On the day the new washing machine arrived, there was a small ceremony of unboxing. The delivery men moved the heavy thing with practiced ease. My mother read the manual like someone reading the opening credits of a rebuilt life, underlining the settings she would use. She named the cycle she would choose for whites; I could see she took pleasure in the specific, domestic future: fresh sheets, crisp school uniforms, towels that did not carry the ghosts of damp afternoons. The story of a broken washing machine is, at one level, trivial. Yet, in the way domestic failure refracts bigger themes, it becomes a small parable. Machines show us our dependency and resilience. They remind us that routine is a form of wealth, and that its disruption can be as painful as any more visible loss.

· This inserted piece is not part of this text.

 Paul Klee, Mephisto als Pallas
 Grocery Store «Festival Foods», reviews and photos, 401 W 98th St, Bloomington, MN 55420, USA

Watching my mother adjust to the new machine revealed how identities are folded within the tasks we perform: her organizing principle of life had always been to take things in hand and make them right. The machine’s death briefly challenged that identity; its replacement affirmed that renewal, too, is a practice of love.
That call was an act of faith in the world’s maintenance: repairmen, parts that fit, promises to return. It was also the first small fracture in the invisible scaffolding of daily life. Laundry is a banal ritual until it is not. In moments, the mind catalogues consequences: school uniforms piling in corners, towels left damp and sour, the soft accumulation of yesterday’s shirts that smell faintly of the kitchen and the long afternoons. For my mother, whose days have long been threaded around caring and making — for meals, for neatness, for the perseverance of order — the broken machine announced a threat to the order she keeps. I watched her organize the plan with the same competence she applies to everything: sorting, bagging, calling, tracing receipts. There was a set of gestures that felt both ceremonial and defensive. She wrapped delicates in pillowcases because she said, “They’re too precious to lose.” She separated whites and colors with the deliberateness of a person who learned stewardship from scarcity. I remember thinking how much of a person can be known from the way they fold a fitted sheet, or stack bath towels — these are languages of care. The Melancholy of my mom -washing machine was brok
But alongside that grief was an unexpected lightness. The new machine ran with a bright efficiency, and there was a modest delight in listening to the new cycle’s steady whisper. My mother discovered features she had not known she wanted — a timer, a sanitizing mode, an energy-saving cycle. She took pleasures small and domestic: the perfect spin that left towels fluffy, the precise program that preserved a favorite blouse. She made peace, not by erasing the loss, but by welcoming the improved capacity to care. We build our lives out of small continuities: the morning coffee, the weekly market run, the Sunday calls to distant relatives. When any thread is cut, the fabric tightens in places and sags in others; we learn to reweave. The melancholy that accompanied my mother’s broken washing machine was not a single emotion but a weave of memory, duty, anxiety, and practical resolution. It taught me about the dignity in domestic labor, about the way love is often a series of small, repetitive acts, and about how resilience is made not of heroic gestures but of the quiet acceptance and the willingness to start again.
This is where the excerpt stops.